Today, I broke my long streak of "Hot Mess Mondays."

I got up early and had breakfast with Courtney. She's legit. So thankful for her!
My environment & society class consisted of watching a movie about corn and making dirt pudding.
THE SUN IS SHINING!!!
A girl in my Philosophy class moved in her chair and it made a sound that almost exactly resembled a Wookiee from Star Wars.
We sang "Lean on Me" in chapel.
THE SUN IS SHINING!!!
We went to a cemetery in my lab today, which sounds morbid, but it was rather fascinating.
I was able to continue to enjoy the beautiful weather by walking with Marcy (she be cool, real cool) to Elder.
Have I mentioned that THE SUN IS SHINING?!!!

Today is just a delightful day :)
Recently I have been left in a state of awe and gratitude in light of God's faithfulness.
I could write a whole book about it! Hmm...maybe I will ;)


Thursday, January 19, 2012

7 days later...

It has been 7 days since I indefinitely deactivated my Facebook, and I couldn't be more at peace about taking a break from the numerous status updates, engagement announcements, relationship changes, notifications, event invites, etc.

As sad as it may seem, I find myself sitting in my room at times when I would normally be on Facebook and wondering what in the world I should do with all of my extra time.

A few things I am doing:
  • Devotions (I am determined to do this whole One Year Bible thing)
  • Focusing more on intentionality in my friendships
  • Homework (Say whaaaatttt?!?! Yep, you heard me right)
  • Keeping up-to-date on current events
  • Training for a 5k
  • Embracing the opportunities found in each and every day

The first few Facebook-less days were quite a challenge for me.

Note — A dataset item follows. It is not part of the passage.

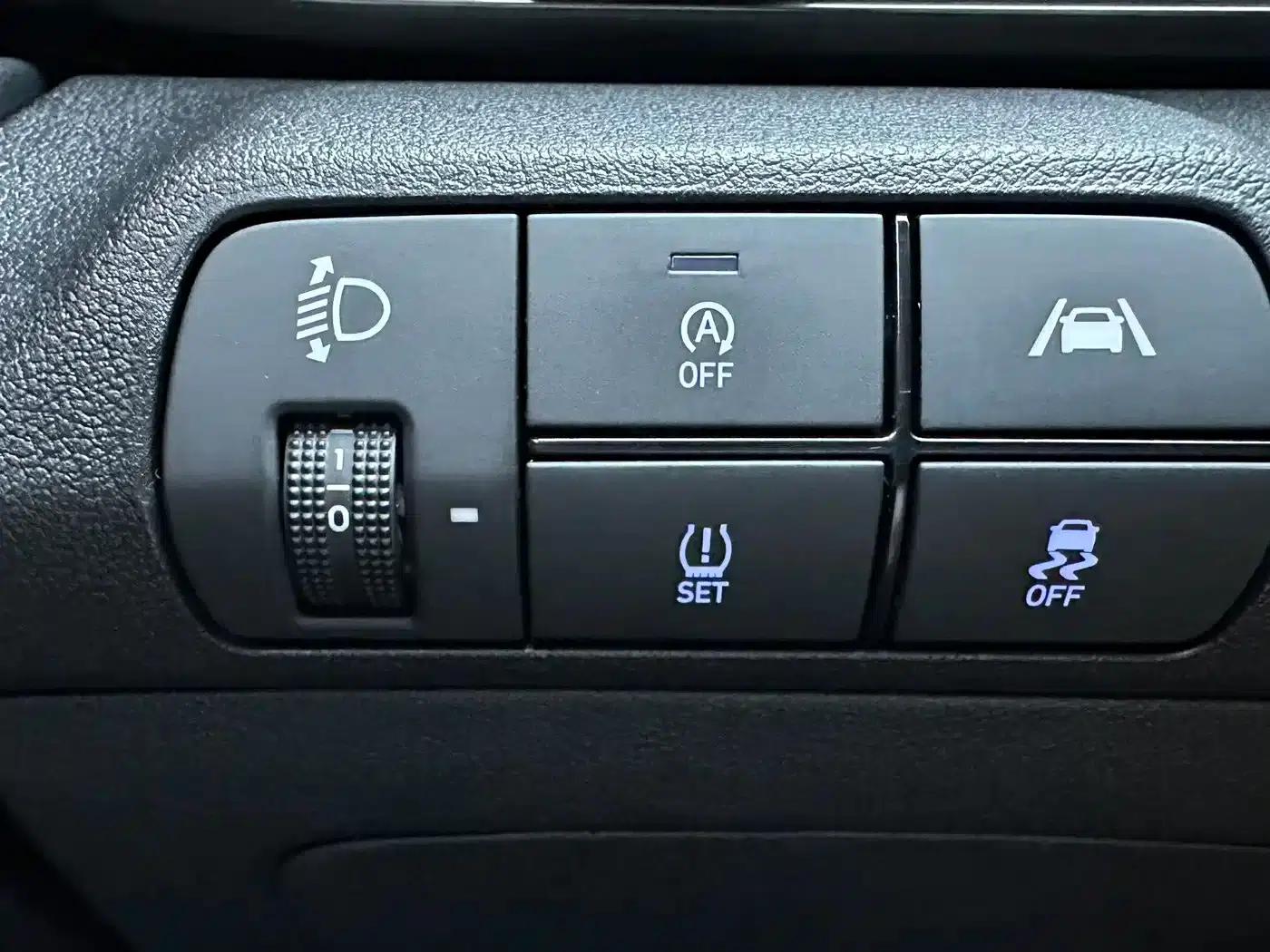 Hyundai Elantra 2022 240TGDi DCT LUX Premium Edition — миниатюра 16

I found myself opening my computer and immediately typing "www.facebook.com" It was ridiculous and somewhat disgusting how I was in a sort of auto-pilot--automatically going to Facebook before doing anything else on my computer. I never fully realized how much my life revolved around that online social network until now.

*raises invisible glass*
So here's to living my life outside of Facebook.



Thursday, January 12, 2012

Wednesday, January 11, 2012

uncertainties.

I've been on campus for 5 days.
I was already completely exhausted by the first day of classes.
Since returning to campus, my nights have consisted of very little sleep. Not that I don't TRY to sleep. I just can't. If I could pick one word to describe my feelings the past few days, it would be restless.

My RA application is due in 9 days, but I have yet to start it. Every time that I sit down to work on the essays, I am completely overcome by fear. I absolutely hate the unknown. It scares the bajeebies out of me! I think this has been the cause of my inability to sleep.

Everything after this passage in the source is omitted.